Christmas: Armenians deeply respect Christian traditions; therefore, Christmas in Artsakh is one of the most significant holidays. In many countries of the world, the celebration of Christmas and Epiphany was divided into two dates. However, the Armenian church has preserved traditions and still celebrates Christmas on the night of the 5th January 6. In the morning of the 6th in the churches are the Christmas Liturgy and Holy Communion. On the eve of Christmas, you can visit one of the churches of Artsakh to feel the atmosphere of celebration and spirituality.

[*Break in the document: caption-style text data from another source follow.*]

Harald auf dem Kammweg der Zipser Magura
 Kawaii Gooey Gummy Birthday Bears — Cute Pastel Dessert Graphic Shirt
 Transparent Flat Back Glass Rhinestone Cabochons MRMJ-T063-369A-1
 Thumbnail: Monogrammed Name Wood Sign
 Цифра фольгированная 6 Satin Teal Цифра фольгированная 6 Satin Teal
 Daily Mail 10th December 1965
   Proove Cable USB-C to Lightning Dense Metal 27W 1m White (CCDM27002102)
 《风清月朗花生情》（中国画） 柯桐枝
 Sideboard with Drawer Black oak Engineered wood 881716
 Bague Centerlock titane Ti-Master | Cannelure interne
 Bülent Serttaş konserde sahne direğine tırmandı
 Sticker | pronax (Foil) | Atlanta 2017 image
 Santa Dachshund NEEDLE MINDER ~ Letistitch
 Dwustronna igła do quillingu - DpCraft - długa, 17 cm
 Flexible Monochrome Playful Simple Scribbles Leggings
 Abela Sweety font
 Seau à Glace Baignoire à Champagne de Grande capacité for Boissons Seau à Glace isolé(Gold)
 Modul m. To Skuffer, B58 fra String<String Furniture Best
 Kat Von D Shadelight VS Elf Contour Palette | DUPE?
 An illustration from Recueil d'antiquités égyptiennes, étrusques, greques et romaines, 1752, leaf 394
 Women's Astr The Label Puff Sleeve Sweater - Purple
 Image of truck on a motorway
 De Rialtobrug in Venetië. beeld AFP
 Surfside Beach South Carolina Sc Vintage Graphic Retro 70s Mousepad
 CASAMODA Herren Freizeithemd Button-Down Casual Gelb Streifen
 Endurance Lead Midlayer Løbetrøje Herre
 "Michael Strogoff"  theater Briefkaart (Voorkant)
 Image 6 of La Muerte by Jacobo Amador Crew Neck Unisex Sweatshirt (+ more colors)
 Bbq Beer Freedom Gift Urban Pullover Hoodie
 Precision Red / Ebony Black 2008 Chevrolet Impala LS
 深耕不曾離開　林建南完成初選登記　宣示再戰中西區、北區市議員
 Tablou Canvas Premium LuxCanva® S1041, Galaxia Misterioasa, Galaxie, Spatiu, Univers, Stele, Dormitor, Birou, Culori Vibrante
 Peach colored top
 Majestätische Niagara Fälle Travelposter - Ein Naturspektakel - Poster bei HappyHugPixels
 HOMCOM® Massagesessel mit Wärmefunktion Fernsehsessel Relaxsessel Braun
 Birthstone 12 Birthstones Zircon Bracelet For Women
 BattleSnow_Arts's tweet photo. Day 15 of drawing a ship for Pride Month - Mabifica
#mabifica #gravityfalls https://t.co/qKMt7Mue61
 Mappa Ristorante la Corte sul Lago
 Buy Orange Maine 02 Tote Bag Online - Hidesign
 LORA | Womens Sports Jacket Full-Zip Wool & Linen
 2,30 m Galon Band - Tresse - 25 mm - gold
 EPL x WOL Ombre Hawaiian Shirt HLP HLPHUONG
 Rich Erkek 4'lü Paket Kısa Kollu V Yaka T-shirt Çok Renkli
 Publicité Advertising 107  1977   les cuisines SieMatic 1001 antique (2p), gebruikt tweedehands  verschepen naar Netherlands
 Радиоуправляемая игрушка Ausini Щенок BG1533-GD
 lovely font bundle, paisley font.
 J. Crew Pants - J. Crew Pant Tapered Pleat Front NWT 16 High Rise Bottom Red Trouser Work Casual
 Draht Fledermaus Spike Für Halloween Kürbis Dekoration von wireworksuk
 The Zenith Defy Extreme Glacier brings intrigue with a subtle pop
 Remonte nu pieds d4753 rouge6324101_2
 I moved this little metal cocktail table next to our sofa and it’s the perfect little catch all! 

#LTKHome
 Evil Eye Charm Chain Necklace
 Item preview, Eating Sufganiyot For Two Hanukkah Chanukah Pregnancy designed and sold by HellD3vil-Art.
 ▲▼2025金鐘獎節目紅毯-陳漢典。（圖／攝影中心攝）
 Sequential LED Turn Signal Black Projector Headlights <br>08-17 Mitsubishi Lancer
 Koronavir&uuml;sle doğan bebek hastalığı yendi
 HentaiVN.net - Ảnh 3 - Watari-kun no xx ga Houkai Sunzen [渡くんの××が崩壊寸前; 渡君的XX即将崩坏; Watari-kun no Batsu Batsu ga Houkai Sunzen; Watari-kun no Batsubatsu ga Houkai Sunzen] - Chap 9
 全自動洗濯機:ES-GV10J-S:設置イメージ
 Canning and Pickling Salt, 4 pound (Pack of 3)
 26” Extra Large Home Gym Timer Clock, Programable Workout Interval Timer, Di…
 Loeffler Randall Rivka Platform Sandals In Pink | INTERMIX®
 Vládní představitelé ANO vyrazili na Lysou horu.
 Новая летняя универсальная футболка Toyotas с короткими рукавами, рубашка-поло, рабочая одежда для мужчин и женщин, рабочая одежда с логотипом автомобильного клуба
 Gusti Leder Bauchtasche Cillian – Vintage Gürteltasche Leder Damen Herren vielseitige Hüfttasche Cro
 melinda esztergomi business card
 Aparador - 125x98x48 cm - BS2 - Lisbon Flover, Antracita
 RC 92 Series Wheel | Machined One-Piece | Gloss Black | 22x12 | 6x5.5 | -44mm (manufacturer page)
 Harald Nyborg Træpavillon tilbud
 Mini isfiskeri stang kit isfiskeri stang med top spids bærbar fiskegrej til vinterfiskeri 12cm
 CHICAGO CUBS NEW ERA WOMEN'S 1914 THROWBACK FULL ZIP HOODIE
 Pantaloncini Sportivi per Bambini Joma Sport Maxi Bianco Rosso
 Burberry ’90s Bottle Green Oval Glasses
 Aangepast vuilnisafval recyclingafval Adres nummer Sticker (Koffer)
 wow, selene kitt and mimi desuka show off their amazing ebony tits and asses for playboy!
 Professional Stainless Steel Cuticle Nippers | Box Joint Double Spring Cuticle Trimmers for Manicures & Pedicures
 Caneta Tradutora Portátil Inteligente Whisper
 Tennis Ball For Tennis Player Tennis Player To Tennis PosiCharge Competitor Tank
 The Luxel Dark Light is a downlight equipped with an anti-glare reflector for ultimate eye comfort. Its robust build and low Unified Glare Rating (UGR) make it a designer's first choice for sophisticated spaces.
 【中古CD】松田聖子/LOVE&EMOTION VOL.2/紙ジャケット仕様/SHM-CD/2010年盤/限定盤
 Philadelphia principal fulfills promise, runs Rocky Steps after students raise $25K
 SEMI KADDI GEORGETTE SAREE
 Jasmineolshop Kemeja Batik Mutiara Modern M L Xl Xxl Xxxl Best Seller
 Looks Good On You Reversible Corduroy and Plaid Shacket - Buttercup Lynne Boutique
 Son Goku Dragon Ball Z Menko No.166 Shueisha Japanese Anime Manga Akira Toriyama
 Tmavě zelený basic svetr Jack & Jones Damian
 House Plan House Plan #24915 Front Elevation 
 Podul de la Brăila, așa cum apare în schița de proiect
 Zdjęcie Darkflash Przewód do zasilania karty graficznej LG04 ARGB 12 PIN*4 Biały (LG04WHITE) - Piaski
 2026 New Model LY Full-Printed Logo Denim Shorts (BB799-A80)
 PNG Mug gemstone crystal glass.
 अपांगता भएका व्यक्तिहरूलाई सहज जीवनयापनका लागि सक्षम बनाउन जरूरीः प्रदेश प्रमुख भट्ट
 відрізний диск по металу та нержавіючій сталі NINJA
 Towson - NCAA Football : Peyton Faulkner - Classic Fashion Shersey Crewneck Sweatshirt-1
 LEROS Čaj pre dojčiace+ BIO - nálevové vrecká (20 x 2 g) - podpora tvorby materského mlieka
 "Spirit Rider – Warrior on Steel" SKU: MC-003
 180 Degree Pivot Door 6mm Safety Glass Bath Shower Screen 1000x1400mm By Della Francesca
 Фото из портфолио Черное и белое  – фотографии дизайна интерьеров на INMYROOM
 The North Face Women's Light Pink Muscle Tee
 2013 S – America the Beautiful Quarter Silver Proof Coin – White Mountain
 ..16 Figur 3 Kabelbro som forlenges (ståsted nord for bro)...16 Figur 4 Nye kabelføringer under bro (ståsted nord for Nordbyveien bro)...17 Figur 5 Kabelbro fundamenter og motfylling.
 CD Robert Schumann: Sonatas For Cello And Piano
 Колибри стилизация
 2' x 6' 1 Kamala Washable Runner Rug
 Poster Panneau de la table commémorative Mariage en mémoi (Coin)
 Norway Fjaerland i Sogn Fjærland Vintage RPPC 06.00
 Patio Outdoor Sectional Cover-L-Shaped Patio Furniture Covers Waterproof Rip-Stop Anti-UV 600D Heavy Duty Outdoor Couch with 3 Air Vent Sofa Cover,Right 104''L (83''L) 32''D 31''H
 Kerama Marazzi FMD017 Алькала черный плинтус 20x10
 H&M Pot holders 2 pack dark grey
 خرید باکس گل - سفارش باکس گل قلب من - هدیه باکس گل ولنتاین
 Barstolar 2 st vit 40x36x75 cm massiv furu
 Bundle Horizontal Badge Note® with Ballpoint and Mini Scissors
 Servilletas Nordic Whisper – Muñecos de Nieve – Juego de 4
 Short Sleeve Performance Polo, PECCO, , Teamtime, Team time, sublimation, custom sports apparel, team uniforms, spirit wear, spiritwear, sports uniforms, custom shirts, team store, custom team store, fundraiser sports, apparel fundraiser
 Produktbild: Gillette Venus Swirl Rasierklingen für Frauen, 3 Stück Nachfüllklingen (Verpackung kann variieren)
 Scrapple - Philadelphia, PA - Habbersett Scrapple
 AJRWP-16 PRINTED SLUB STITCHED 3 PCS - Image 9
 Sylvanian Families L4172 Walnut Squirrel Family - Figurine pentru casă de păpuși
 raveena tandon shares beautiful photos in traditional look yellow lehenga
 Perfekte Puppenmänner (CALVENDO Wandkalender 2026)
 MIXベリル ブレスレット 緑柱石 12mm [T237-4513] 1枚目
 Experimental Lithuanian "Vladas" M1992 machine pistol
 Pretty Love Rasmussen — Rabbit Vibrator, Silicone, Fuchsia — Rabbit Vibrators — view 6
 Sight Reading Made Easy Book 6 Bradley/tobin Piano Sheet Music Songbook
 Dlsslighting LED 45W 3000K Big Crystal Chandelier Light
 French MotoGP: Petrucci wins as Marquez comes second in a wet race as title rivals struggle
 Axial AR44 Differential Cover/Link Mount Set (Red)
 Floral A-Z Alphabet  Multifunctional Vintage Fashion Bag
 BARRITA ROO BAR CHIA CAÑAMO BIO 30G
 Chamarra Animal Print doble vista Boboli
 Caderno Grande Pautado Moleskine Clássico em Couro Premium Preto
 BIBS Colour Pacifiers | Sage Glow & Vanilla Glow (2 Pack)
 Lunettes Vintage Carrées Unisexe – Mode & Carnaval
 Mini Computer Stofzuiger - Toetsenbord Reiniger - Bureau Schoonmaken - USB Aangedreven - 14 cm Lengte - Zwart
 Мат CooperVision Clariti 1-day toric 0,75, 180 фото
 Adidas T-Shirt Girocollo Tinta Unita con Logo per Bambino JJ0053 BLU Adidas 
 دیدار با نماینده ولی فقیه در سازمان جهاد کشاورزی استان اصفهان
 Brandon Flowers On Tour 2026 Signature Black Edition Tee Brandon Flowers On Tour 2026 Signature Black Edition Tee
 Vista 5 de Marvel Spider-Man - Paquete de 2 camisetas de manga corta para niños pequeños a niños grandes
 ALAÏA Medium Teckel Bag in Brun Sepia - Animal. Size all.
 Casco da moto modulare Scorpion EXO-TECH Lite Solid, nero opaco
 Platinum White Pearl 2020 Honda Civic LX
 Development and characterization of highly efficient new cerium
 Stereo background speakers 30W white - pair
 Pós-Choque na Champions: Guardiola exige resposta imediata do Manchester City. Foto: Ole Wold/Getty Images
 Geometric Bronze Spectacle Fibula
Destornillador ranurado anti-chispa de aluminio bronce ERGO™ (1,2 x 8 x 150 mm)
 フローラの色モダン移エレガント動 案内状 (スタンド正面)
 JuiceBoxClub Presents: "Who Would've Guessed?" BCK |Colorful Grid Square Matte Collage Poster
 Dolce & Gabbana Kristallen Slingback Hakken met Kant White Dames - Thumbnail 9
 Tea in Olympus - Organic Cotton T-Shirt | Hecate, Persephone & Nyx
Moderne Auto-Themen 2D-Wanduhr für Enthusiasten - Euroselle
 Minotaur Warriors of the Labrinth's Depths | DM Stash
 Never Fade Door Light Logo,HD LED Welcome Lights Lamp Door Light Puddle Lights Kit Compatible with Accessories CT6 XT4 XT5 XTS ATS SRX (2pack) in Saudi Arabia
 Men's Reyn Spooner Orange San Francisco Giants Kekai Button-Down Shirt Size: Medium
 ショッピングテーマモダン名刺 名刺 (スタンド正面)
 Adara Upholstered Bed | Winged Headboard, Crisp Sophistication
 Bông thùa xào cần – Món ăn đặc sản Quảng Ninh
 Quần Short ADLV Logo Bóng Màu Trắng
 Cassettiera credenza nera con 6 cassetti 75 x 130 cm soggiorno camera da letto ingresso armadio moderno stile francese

They celebrate both holidays in Artsakh at home with their families. Nevertheless, since the people of Artsakh are characterized by unique hospitality and goodwill, you can knock on any door and join the celebration, where you will be greeted like a family member and offered to spend the night with them. In winter, in the countryside, this is quite a common occurrence because it is cold outside, and therefore, you will surely be invited to a cozy and warm house to get warm, you will be treated with delicious food and overnight stay.
Take warm clothes and come to hospitable Artsakh this winter. Winter Artsakh will make you believe in wonders and will forever remain in your heart!